CARL CARNICELLI, APPELLANT,
v.
WILLIAM J. BARTRAM, JR., AND MARJORIE B. BARTRAM, HIS WIFE



No. 241 Pittsburgh, 1980, Appeal from Order of the Court of Common Pleas of Allegheny County, Civil Division at No. 3002, July Term, 1972.

COUNSEL

Dina G. McIntyre, Pittsburgh, for appellant.

Edward L. Kochuba, Pittsburgh, for appellees.

Spaeth, Wickersham and Lipez, JJ. Wickersham, J., concurs in the result.

Author: Spaeth

[ 289 Pa. Super. Page 427]

This appeal is from an order granting a new trial. We reverse because the lower court relied on reasons not specifically assigned in the motion for new trial, and remand so that the court may consider those reasons that were specifically assigned.

-1-

An order granting or refusing to grant a new trial is within the discretion of the lower court. However, the discretion is not absolute, Decker v. Kulesza, 369 Pa. 259, 85 A.2d 413 (1952); Albert v. Alter, 252 Pa. Super. 203, 381 A.2d

[ 289 Pa. Super. Page 428459]

(1977), and if the order is based on an error of law or represents an abuse of discretion, we will reverse. Handfinger v. Philadelphia Gas Works, 439 Pa. 130, 266 A.2d 769 (1970); Weaver v. Firestone Tire & Rubber Co., 367 Pa. Super. 548, 407 A.2d 45 (1979); Sindler v. Goldman, 256 Pa. Super. 417, 389 A.2d 1192 (1978). In reviewing the order, we examine all of the evidence presented at trial. Hayter v. Sileo, 230 Pa. Super. 329, 326 A.2d 462 (1974).

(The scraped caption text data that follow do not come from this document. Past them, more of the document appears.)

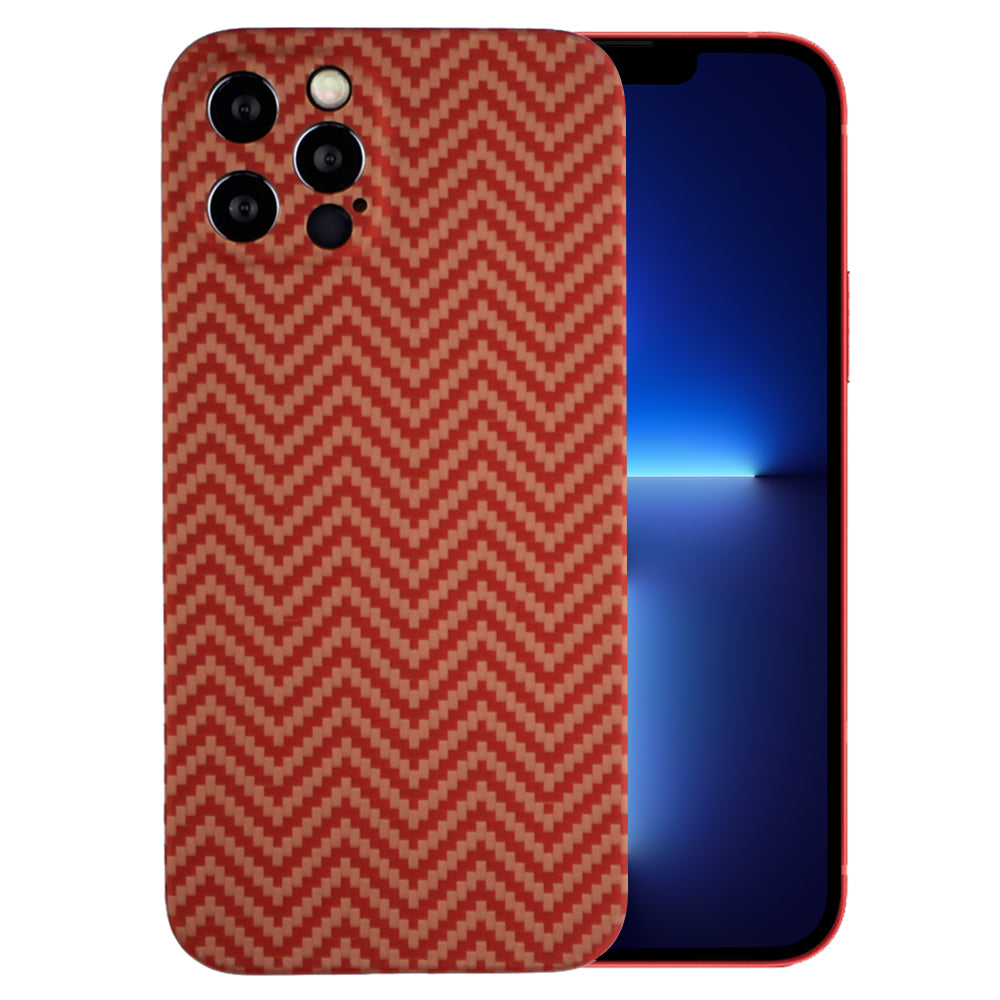 Back Shell for iPhone 13 Pro 6.1 inch Precise Cutout Carbon Fiber / Wavy Texture Aramid Fiber Case Protective Cover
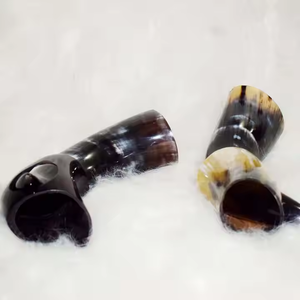 Amantes del aguamiel de cuerno Decoración histórica duradera para beber Ocasiones vikingas Estilo animal Pulido por Artesanías de media luna - Product Image 2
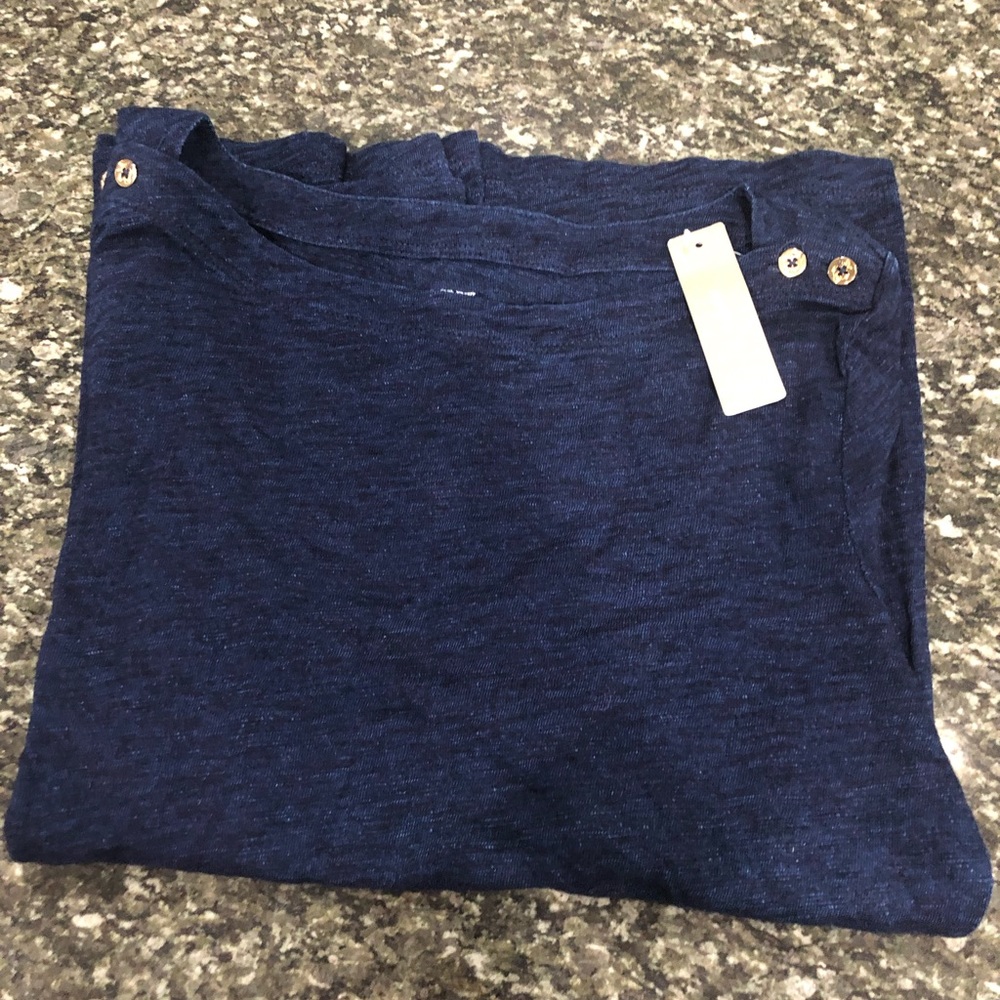 JCrew Long sleeve tee in indigo - Picture 3 of 4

Appellant is an architect and engineer. He brought the present action to recover fees for architectural and engineering services rendered to appellee pursuant to a series of oral contracts.*fn1 Appellee counterclaimed for amounts loaned or advanced to appellant. The jury returned verdicts of $155,000 for appellant and $6,900 for appellee. On appellee's motion, the lower court granted a new trial as to both appellant's claim and appellee's counterclaim.

In its opinion in support of the order granting a new trial, the lower court held that the verdict was "contrary to law" and "contrary to the evidence." The court held the verdict contrary to law because with respect to the performance of one of the agreements between the parties the court found that "[t]he probata . . . did not conform with the allegata as set forth in his complaint." Slip op. at 14. The court held the verdict contrary to the evidence for two reasons. First, the court said, appellant's "theory at the time of trial," that is, his theory as shown by his testimony, was inconsistent with the theory of his complaint. Id. at 14-15. Second, the court said, "the verdict of the jury was in conflict with [appellant's] evidence." Id. at 16.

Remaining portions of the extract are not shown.